> [Data]
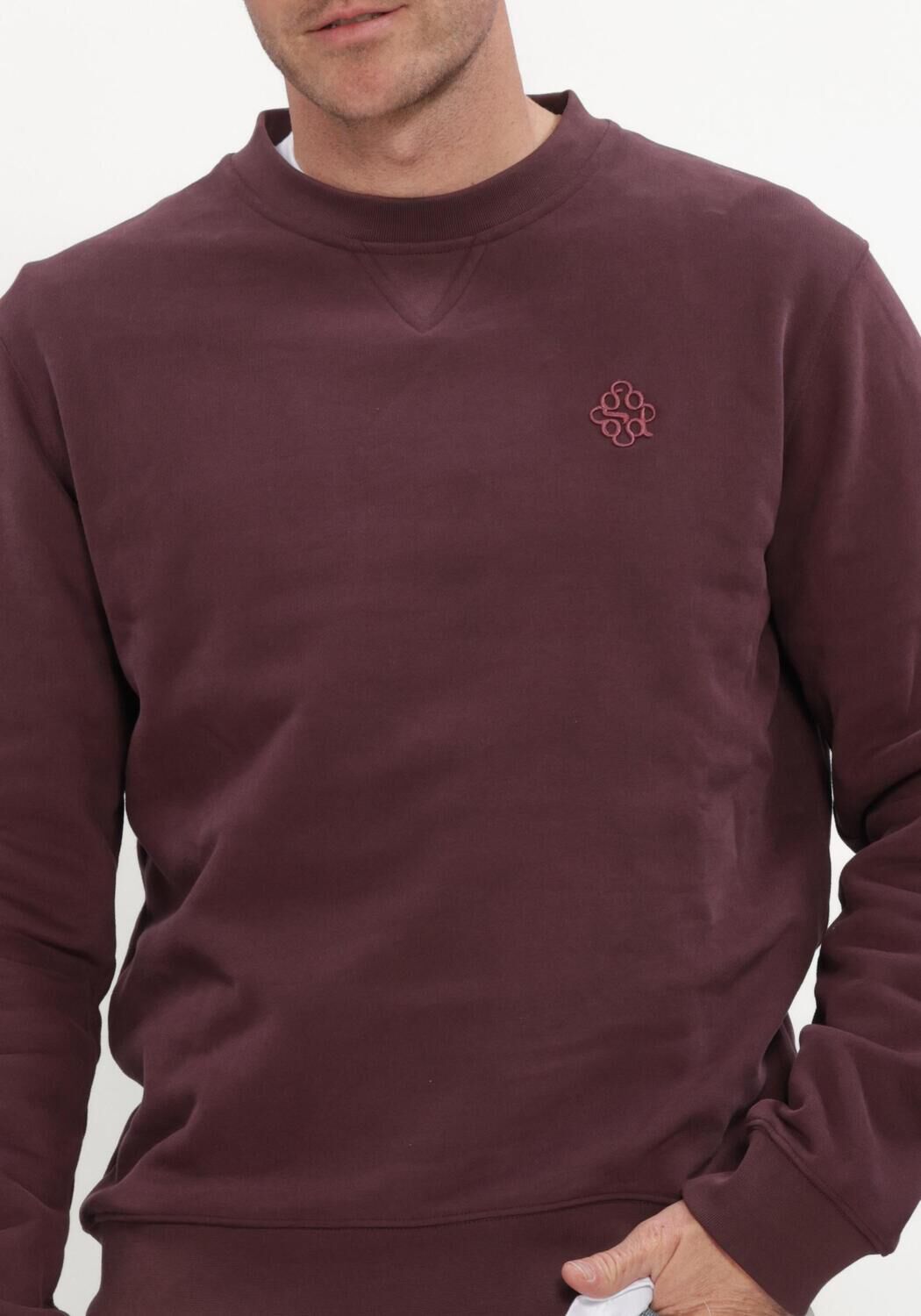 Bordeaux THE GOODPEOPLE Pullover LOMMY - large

* * *

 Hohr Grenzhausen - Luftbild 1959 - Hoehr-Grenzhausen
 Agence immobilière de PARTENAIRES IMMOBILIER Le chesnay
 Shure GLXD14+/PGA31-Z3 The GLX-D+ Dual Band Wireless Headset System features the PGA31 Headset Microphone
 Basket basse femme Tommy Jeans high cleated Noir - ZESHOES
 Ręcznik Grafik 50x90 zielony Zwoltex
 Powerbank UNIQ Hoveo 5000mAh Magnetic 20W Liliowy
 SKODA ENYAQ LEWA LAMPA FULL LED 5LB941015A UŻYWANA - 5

...

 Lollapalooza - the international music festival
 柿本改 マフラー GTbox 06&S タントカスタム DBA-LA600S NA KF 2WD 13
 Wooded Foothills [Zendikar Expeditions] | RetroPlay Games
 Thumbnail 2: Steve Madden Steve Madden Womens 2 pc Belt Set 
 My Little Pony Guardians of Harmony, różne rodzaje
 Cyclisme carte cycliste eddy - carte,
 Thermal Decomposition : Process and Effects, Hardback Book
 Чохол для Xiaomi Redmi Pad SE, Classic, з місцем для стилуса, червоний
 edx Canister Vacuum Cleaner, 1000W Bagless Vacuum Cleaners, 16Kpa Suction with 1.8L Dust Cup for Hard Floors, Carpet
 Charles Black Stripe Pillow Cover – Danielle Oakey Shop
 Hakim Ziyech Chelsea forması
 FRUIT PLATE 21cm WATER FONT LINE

> [Problem to solve] Set down exactly the lines of the data above, beginning with the line that has "Lollapalooza - the" and ending with the line that has "Thermal Decomposition : Process", and no others.

> [Task output]
 Lollapalooza - the international music festival
 柿本改 マフラー GTbox 06&S タントカスタム DBA-LA600S NA KF 2WD 13
 Wooded Foothills [Zendikar Expeditions] | RetroPlay Games
 Thumbnail 2: Steve Madden Steve Madden Womens 2 pc Belt Set 
 My Little Pony Guardians of Harmony, różne rodzaje
 Cyclisme carte cycliste eddy - carte,
 Thermal Decomposition : Process and Effects, Hardback Book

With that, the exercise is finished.